After starting with a management consulting firm in Montreal, Dominic Schofield, (Social Science, 1990), has dedicated his life to work on some of the largest and most complex development challenges through the non-profit sector, holding positions at UNICEF and the Global Alliance for Improved Nutrition (GAIN), among others.
Throughout his career, Schofield has worked primarily on mobilizing businesses to have a positive social impact, mainly in the area of food and nutrition security in Africa, Latin America, and Asia.
“If we want to help small holder farmers out of poverty, it’s about making them better businesspeople, helping them become more sustainable, helping them thrive,” he said.
He also founded his own organization called The Future Food Platform which provides strategic consulting, technical expertise and investment to startups and large companies and organizations around the world that aim to improve the quality, sustainability and equity of food systems.

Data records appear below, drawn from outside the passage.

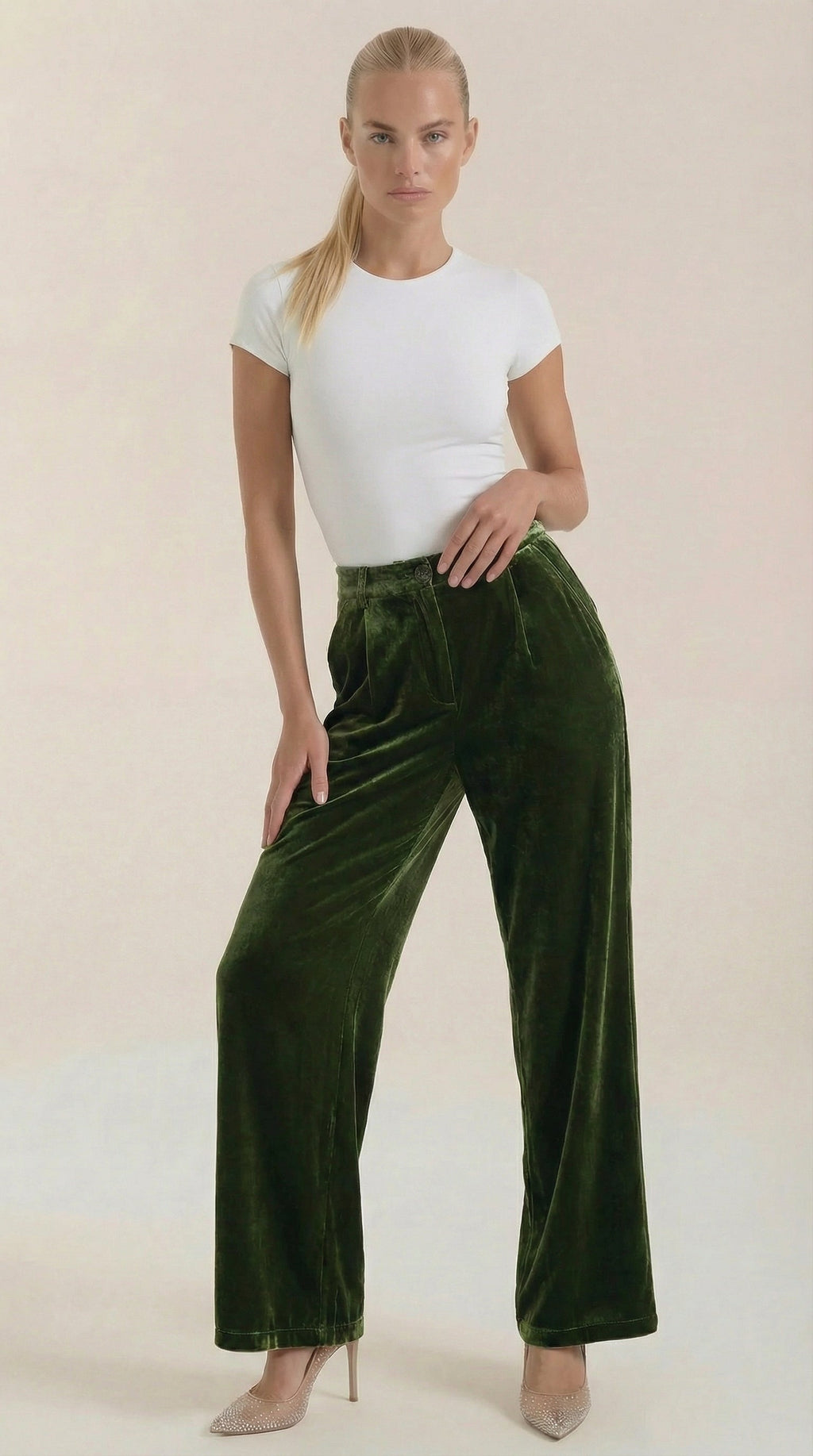 Groene fluwelen wijde broek met hoge taille en rechte pijpen, dames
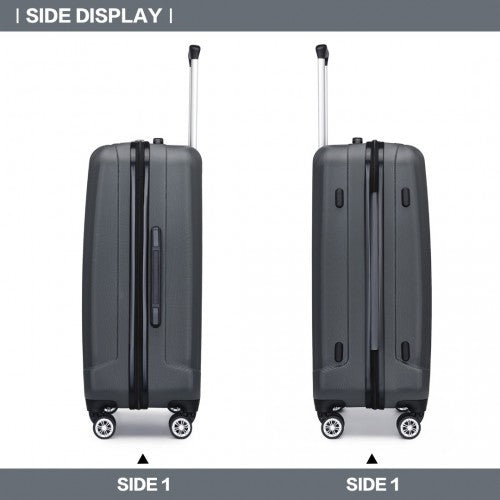 Kono 24 Inch Striped ABS Hard Shell Luggage With 360-Degree Spinner Wheels - Grey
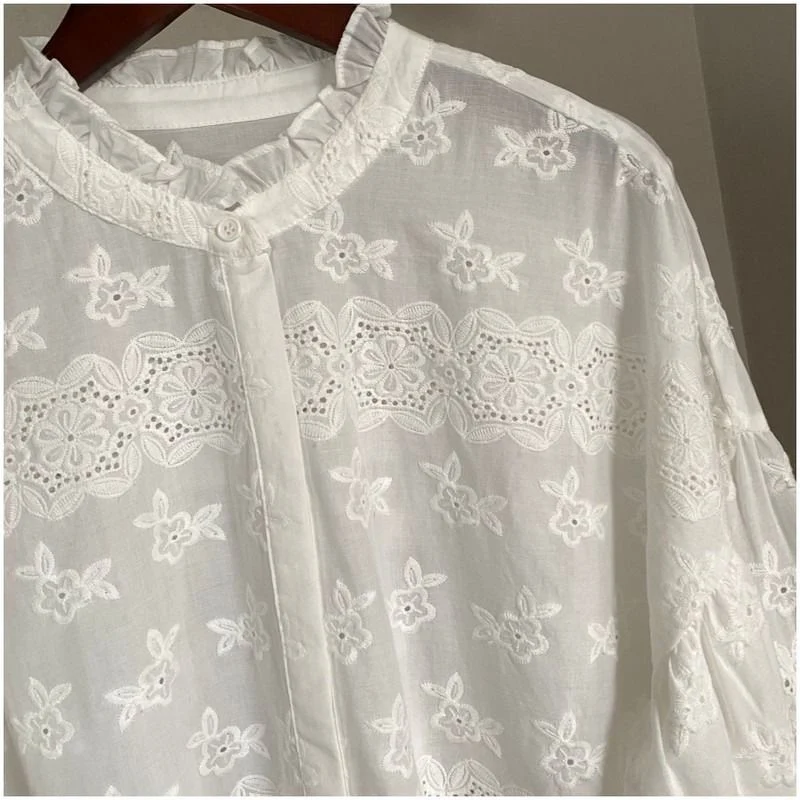 Женская однобортная рубашка из чистого хлопка однотонный кардиган с круглым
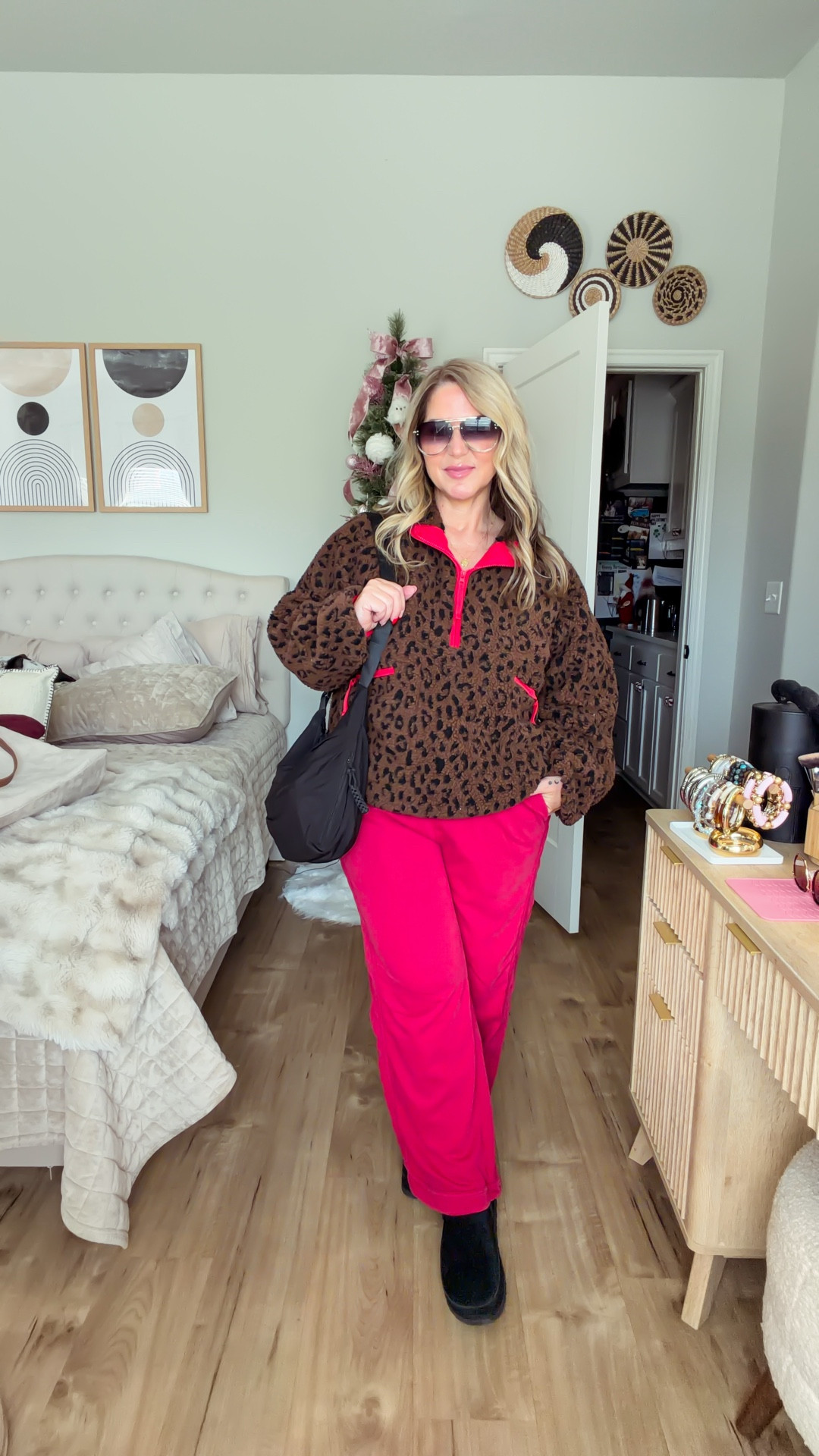 Size large in the pullover and pants 

#LTKMidsize #LTKPetite #LTKOver40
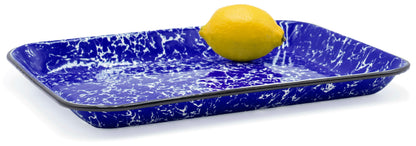 Red Co. 13.5” x 10” Enamelware Metal Classic 1.6-Quart Rectangular Serving Tray, Navy Blue Marble/Black Rim – Splatter Design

As a Global Programme Director at US-based non-profit TechnoServe, Schofield leads the Inspiring Good Nutrition Initiatives Through Enterprise (IGNITE) programme. The programme is supported by the Bill and Melinda Gates Foundation and works with industry operating in eight countries in Africa and Asia to improve the nutritional quality of staple foods.
“Last year, nearly 200 million people went to bed hungry, mostly women and children. Over 5 million children under the age of 5 died, where malnutrition was the underlying cause for more than two thirds of them. More than 2 billion people suffer from overweight and obesity and 3 billion people worldwide suffer from vitamin and mineral deficiencies. The numbers are huge and no single organisation or sector can solve the problem. We have to be ‘all hands on deck’ to scale-up creative, sustainable solutions, and the private sector has a major role to play.”

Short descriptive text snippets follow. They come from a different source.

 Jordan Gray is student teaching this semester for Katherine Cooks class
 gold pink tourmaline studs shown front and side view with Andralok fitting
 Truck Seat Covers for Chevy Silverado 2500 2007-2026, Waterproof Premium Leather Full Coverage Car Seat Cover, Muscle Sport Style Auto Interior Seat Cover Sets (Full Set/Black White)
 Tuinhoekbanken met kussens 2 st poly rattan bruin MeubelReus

Schofield explained that the IGNITE program works with food processors to add vitamins and minerals into staple foods as they grow their operations.
Schofield began his career as a management consultant when he was still studying at McGill University in Geography and Urban Planning. He said he discovered an interest in Geography while still a student at Champlain Saint-Lambert and wanted to pursue it during his bachelor’s degree.